Kein Problem, wir sind hart im Nehmen! Also nur her damit! 😎 😛 😄
Lieber Uli, in einer stillen Stunde habe ich Deinen Bericht noch einmal gaaanz von vorne und die umwerfend schönen Bilder genossen! Danke dafür! Viele Grüße Friederike
@BikeAfrika Lieber Wolfgang, Deine Anregung ("Mit dem Kühlschrank durch Irland" von Tony Hawks ) habe ich sofort aufgegriffen - herrlich! Kennst Du die Bücher von Nigel Barley?
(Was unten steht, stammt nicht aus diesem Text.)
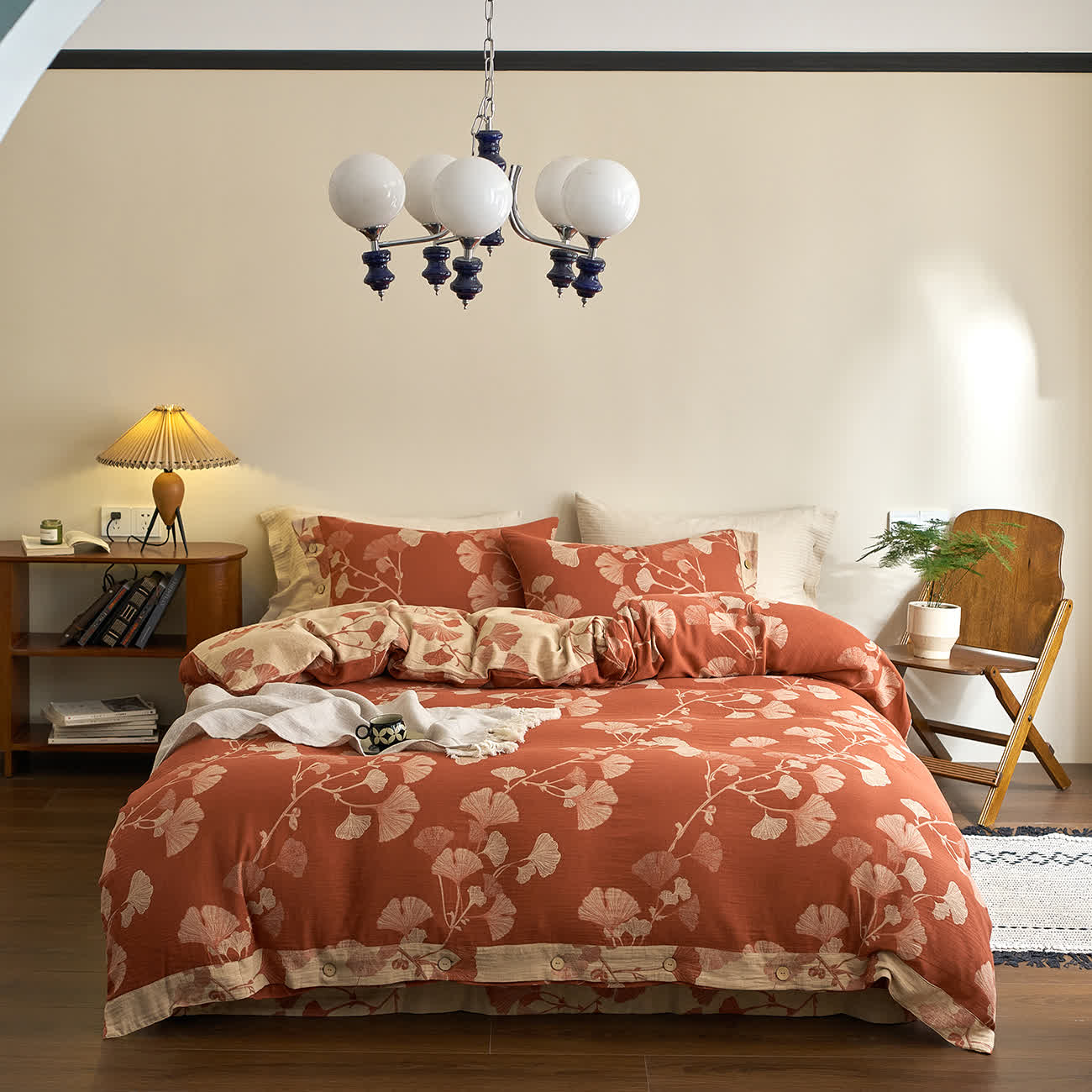 Ownkoti Button Ginkgo Leaf Cotton Gauze Doona Covers Bedding Set (4PCS) - Brick Red & Beige - Queen - image 0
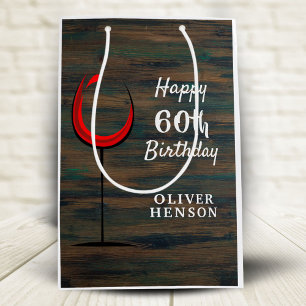 Sac Cadeau Moyen Bois rustique Vin rouge 60e anniversaire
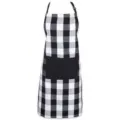 Black and white buffalo plaid kitchen apron with pocket and adjustable strap for cooking. - 66×88 cm / Black & White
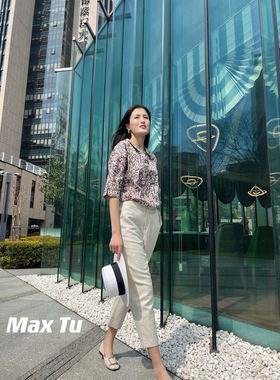 MaxTu新品夏季百搭印花中袖棉衬衫821-L101-568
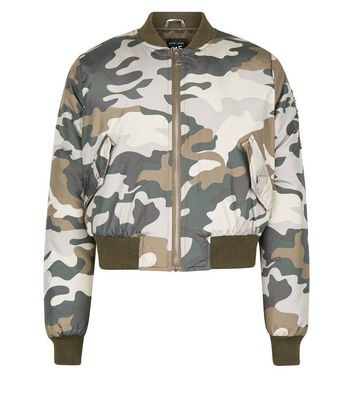 cropped camo bomber jacket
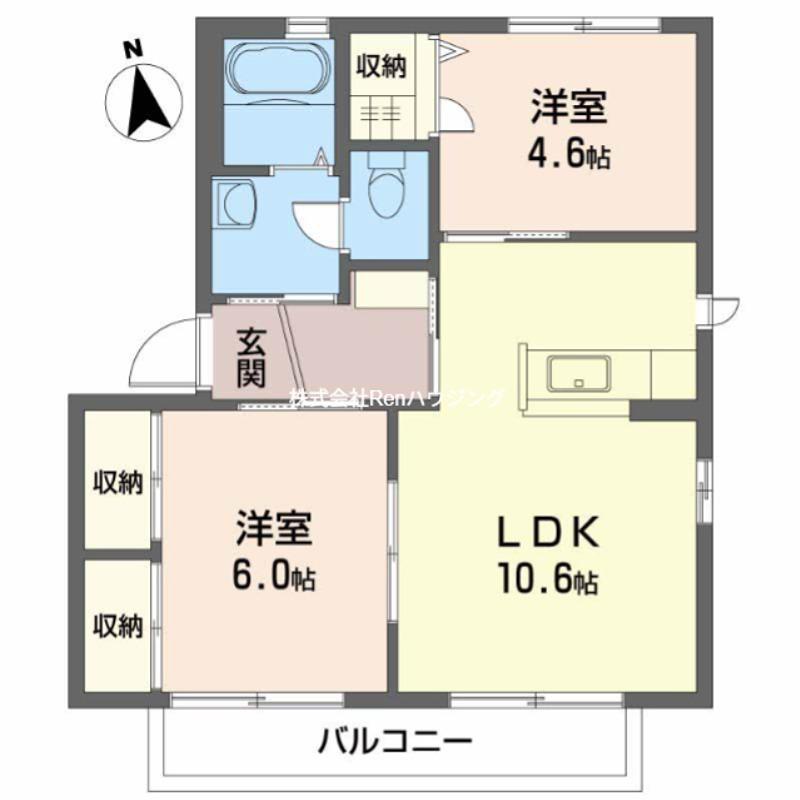 バリュージュ萌芽 D棟(2LDK/1階)の間取り写真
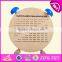 2017 New design children educational toy wooden alarm clock puzzle W14K006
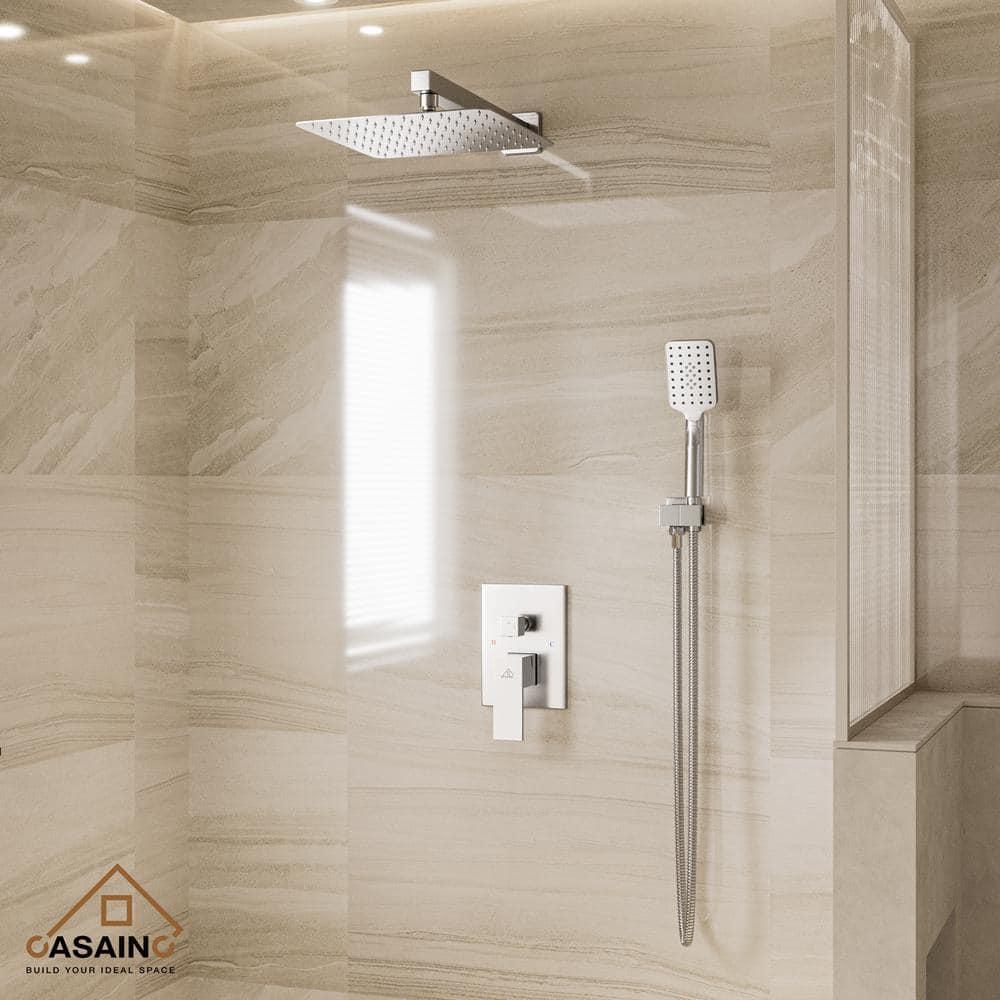 10 inch Wall Mounted Pressure Balanced Complete Shower System With 3 Setting Shower Handheld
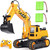DOUBLE E Remote Control Excavator Toy, 2*Batteries 2.4GHz RC Excavator, 6-in-1 Digging/360° Rotation, 20M Range Sandbox Construction Toys Birthday Gift for Boys/Kids 6+ Years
Viele Grüße Friederike
BikeAfrica7'296 Beiträge · seit 200614. Apr. 2020 · #31
… Nigel Barley musste ich erst bei Google eintippen, aber einige Buchtitel habe ich schon mal gehört/gesehen. Gelesen habe ich noch nichts von ihm. Schreibt der auch so in der Art?
Das Buch von Tony Hawks habe ich mal zufällig während einer Dienstreise aufgestöbert.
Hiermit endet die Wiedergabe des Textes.